To appreciate all the matters with which this appeal is concerned we add at this point a reference to the amended notice of cross-appeal. The ground ultimately upon which there is reliance was ground 3 which argued that there was an omission of $145,000 in the balance sheet being the money received by the wife from the husband. It was contended that this matter either be dealt with pursuant to the slip rule, alternately that the trial judge had mistakenly failed to take it into account and that therefore the mathematics needs to be corrected. It is asked that order 7 be amended so that the amount of $647,223 be substituted for $719,723 which is an adjustment of one half of $145,000. We agree this was an error made by the trial judge, largely due to the manner the balance sheet was presented to him.
As will be seen we intend to allow the appeal and consequently order a rehearing. We see no good purpose in amending the order in response to the cross-appeal in isolation.
Submissions – Appellant wife
As mentioned earlier the submissions on behalf of the wife focussed on grounds 1, 2 and 5 including the challenge to the finding that the husband by reason of “special skills” had made a greater contribution. In grounds 4 and 5 it is complained that the orders are manifestly unjust.
In relation to grounds 1, 2 and 5 it is submitted that it cannot be correct that the husband should receive $1,000,000 more than the wife by way of his alleged business acumen as found by the trial judge.
It is emphasised that the funds used for the purchase of the shares were moneys in which the parties had an equal interest and that the husband had not demonstrated any particular skill.
In the written submissions on behalf of the wife [21]:
…[T]he question is posed as to the proper basis upon which a Court can properly assess one party’s contribution as greater than that of the other solely by reference to the financial product of one decision made over the course of a 29 year relationship with all of the disparate contributions otherwise involved?
In addition, leaving to one side the various authorities in relation to “special contributions” it is submitted that the facts and circumstances in this matter do not warrant the contribution assessment as made by his Honour (wife’s submissions at [23]).
In oral submissions there were challenges to the findings of fact leading to the conclusion that the husband had made a greater contribution than the wife. For example, it was submitted that there was no evidence that the husband had “considerable expertise” [reasons 137].
As to the grounds related to s 75(2) it is submitted that in view of the contribution conclusion made by his Honour, which so heavily favoured the husband, there should have been some further adjustment in favour of the wife.
In our view it is correct that any such adjustment would depend on the conclusions in relation to contribution and as we have determined to allow the appeal there is no productive reason for us to deal with this ground any further.

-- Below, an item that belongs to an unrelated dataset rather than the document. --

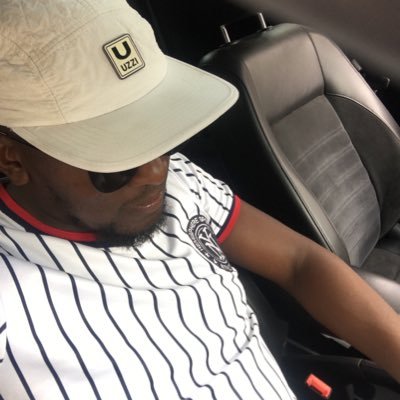 Thulane663's profile picture. UFH Alumni| Educationalist| co-founder of @ForcesofMentorship (NPO)| Barcelona | Kaizer Chiefs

Submissions – Respondent husband
In responding to the submissions in relation to the trial judge’s conclusions on the facts it was submitted that the husband’s affidavit set out in detail the research he did into possible investments and that there was no challenge to this evidence.
Counsel submitted that we should be mindful of the principles related to appellate intervention and that we should not interfere with the wide discretion available to the trial judge.
principles
In view of that submission, which is correct, we refer briefly to the well-known principles in that respect.
It was clearly enunciated in House v The King (1936) 55 CLR 499, at 504-505 that:
It is not enough that the judges composing the appellate court consider that, if they had been in the position of the primary judge, they would have taken a different course. It must appear that some error has been made in exercising the discretion. If the judge acts upon a wrong principle, if he allows extraneous or irrelevant matters to guide or affect him, if he mistakes the facts, if he does not take into account some material consideration, then his determination should be reviewed and the appellate court may exercise its own discretion in substitution for his if it has the materials for doing so. It may not appear how the primary judge has reached the result embodied in his order, but if upon the facts it is unreasonable or plainly unjust, the appellate court may infer that in some way there has been a failure properly to exercise the discretion which the law reposes in the court of first instance.
In the case of discretionary decisions, it is only where the effect of the orders exceeds the generous ambit within which reasonable disagreement is possible, and is, in fact, plainly wrong, that an appellate body is entitled to interfere, per Brennan J in Norbis v Norbis (1986) 161 CLR 513 at p 539-40.
conclusion
In this case both parties sought orders varying their present holding of property and superannuation interests. The central question remains, whether the orders were just and equitable.
The power conferred by s 79 is a discretionary one and any decision necessarily involves value judgments. This has been recognised since Norbis v Norbis at p 518. After referring to the well-known quotation in House v The King to which we have referred, their Honours Mason and Deane JJ said as follows:
The sense in which the terms “discretion” and “principle” are used in these remarks needs some explanation. “Discretion” signifies a number of different legal concepts…Here the order is discretionary because it depends on the application of a very general standard – what is “just and equitable” – which calls for an overall assessment in the light of the factors mentioned in s. 79(4), each of which in turn calls for an assessment of circumstances. Because these assessments call for value judgments in respect of which there is room for reasonable differences of opinion, no particular opinion being uniquely right, the making of the order involves the exercise of a judicial discretion. The contrast is with an order the making of which is dictated by the application of a fixed rule to the facts on which its operation depends.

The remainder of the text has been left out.